By Jon Thompson
They’re not just building a cabin at the end of a logging road on the Sioux Lookout highway. They’re building solidarity.
Touched by the plight of Savant Lake residents who were excluded from Saugeen First Nation when the reserve was constructed in the early 1980s, a coalition of Toronto-based indigenous solidarity activists is spending two weeks constructing a trap line outpost in the remote wilderness.
Darlene Necan was bathing her newborn son on the table of the two-room shack she shared with 10 people in 1979 when a group of men burst through the door announcing her community would finally be getting its own reserve. She signed their list, anticipating when the call came to move north across the tracks, she would have a home of her own.
The call never came.
After 20 years of living among those left behind in Savant Lake, an ominous feeling that things were about to change caused Necan to give up drugs and alcohol. Her son committed suicide the next year and her politicization began.
“That’s when I found out, something is not right. Why are we still poor? Why are we still suffering,” Necan asked. “I go down Highway 17 both ways and I see nice houses for other reserves and businesses going up. That’s when I started noticing this is not right, what we’re going through.”

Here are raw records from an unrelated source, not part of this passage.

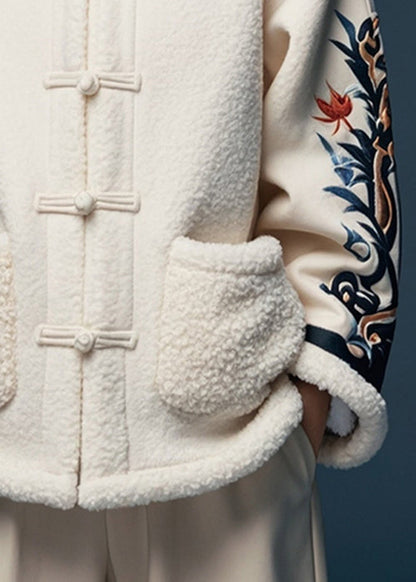 Sophisticated Coat with a Clean Classic Look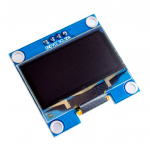 6Pin 128x64 Blue OLED Display Module
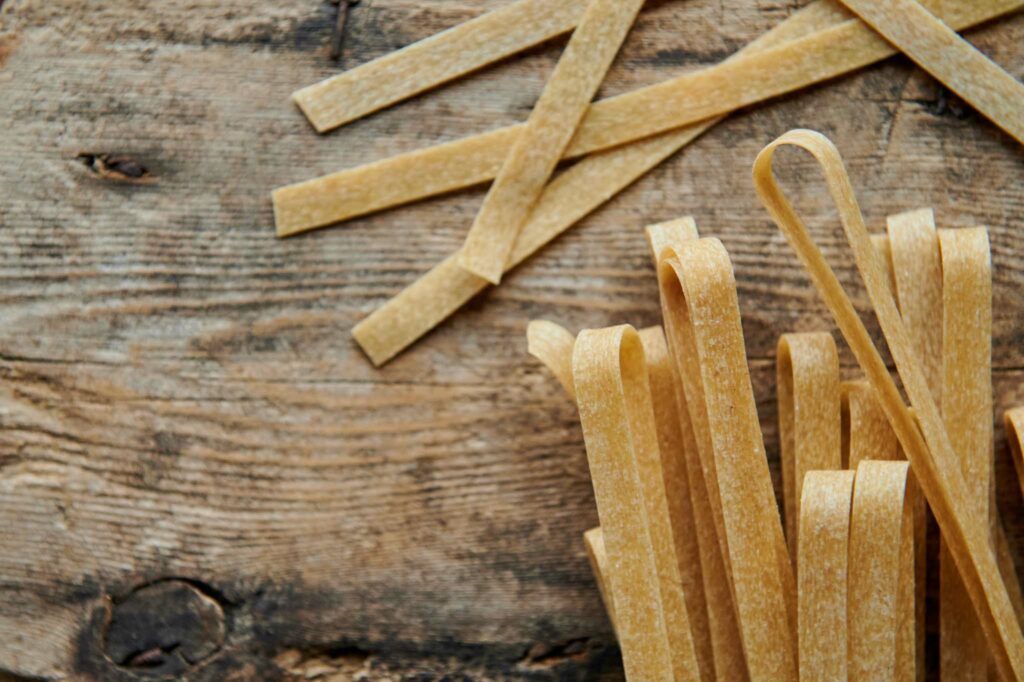 BELPASTA - TAGLIATELLE 250 GRAM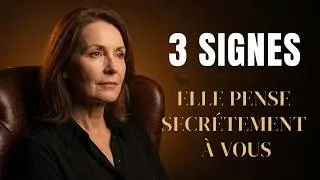 Miniature : Si Elle Fait Ces 3 Choses, Elle Pense à Vous en Secret — Psychologie Féminine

Necan organized others who still hadn’t been accommodated in Saugeen, read as much as she could find on her rights and began an outreach campaign to anyone who would listen. The band leadership did not accommodate and form letter responses from all levels and branches of government informed her the case was an internal matter of the First Nation and out of their jurisdictions.
Time was wearing on in Savant Lake and Necan’s patience was wearing thin. Over two winters in the late 2000s, she watched elder, Amelia Skunk’s feet burned with frostbite as the 75-year-old woman survived the winters living in an old chicken shack.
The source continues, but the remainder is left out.